- Directed by: Prakash Belawadi
- Screenplay by: Prakash Belawadi
- Story by: Prakash Belawadi
- Produced by: Krishna Chidambara Nagaraj Rao S. J. Krishna Kumar
- Starring: Anant Nag; Suhasini Maniratnam;
- Cinematography: Clay Kelton
- Edited by: Jesu Dominic Shyam Nanjundiah
- Music by: Praveen D. Rao
- Production company: 2Streams Media
- Release date: 21 February 2003;
- Running time: 140 minutes
- Country: India
- Language: English

= Stumble (film) =

Stumble is a 2003 Indian English-language film written and directed by Prakash Belawadi in his debut. It stars Anant Nag and Suhasini Maniratnam in the lead roles. Mukhyamantri Chandru, Ashok Mandanna and Priya Ganapathy feature in supporting roles. Set in Bangalore, the film explores the impact of corruption in the information technology world, the stock market and mutual funds scams and dot-com bubble on ordinary people.
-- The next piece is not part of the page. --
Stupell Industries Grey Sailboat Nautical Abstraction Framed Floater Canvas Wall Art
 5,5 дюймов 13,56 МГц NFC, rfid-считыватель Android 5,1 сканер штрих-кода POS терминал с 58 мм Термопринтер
Praveen D. Rao scored music for the film while Clay Kelton served as the cinematographer. The film opened to mixed reviews from critics upon theatrical release. At the 50th National Film Awards, the film was awarded the National Film Award for Best Feature Film in English.

== Reception ==
Critics mostly gave mixed reviews to the film. Pradeep Sebastian of Deccan Herald opined that despite the film playing "like a cross between a television serial drama and a somber Kannada art film, it isn't pointlessly wacky or irritatingly smart-alecky like most Indian English films". However, he complained that the film picks up pace only towards the end and that "for most of its running time it lacks drama, it lacks tension. It fails to grip." He concluded praising the film for its "evocative cinematography, deft characterization and convincing ensemble acting." The reviewer for Hindustan Times, Manjulaa S. Negi opined that the film was a "forthright tale about naive individuals who still believe. They are the idealists whose dreams are shattered rather rudely and there is no recourse really, but to try and get back to their earlier lives with a bit more understanding and a lot more wiseness." She felt that despite the subject's shortcomings, "it holds", while adding that the direction and sound departments needed improvement. She concluded writing that the film's content was "powerful enough" for one-time watch at least.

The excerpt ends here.